Working Paper: CEPR ID: DP3904
Authors: Markus Glaser; Thomas Langer; Martin Weber
Abstract: Empirical research documents that temporary trends in stock price movements exist. Moreover, riding a trend can be a profitable investment strategy. Thus, the ability to recognize trends in stock markets influences the quality of investment decisions. In this Paper, we provide a thorough test of the trend recognition and forecasting ability of financial professionals who work in the trading room of a large bank and novices (MBA students). In an experimental study, we analyse two ways of trend prediction: probability estimates and confidence intervals. Subjects observe stock price charts, which are artificially generated by either a process with positive or negative trend and are asked to provide subjective probability estimates for the trend. In addition, the subjects were asked to state confidence intervals for the development of the chart in the future.

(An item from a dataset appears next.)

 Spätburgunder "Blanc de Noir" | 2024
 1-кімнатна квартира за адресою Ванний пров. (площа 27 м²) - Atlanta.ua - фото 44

We find that depending on the type of task either underconfidence (in probability estimates) or overconfidence (in confidence intervals) can be observed in the same trend prediction setting based on the same information. Underconfidence in probability estimates is more pronounced the longer the price history observed by subjects and the higher the discriminability of the price path generating processes. Furthermore, we find that the degree of overconfidence in both tasks is significantly positively correlated for all experimental subjects whereas performance measures are not. Our study has important implications for financial modelling. We argue that the question which psychological bias should be incorporated into a model does not depend on a specific informational setting but solely on the specific task considered. This Paper demonstrates that a theorist has to be careful when deriving assumptions about the behaviour of agents in financial markets from psychological findings.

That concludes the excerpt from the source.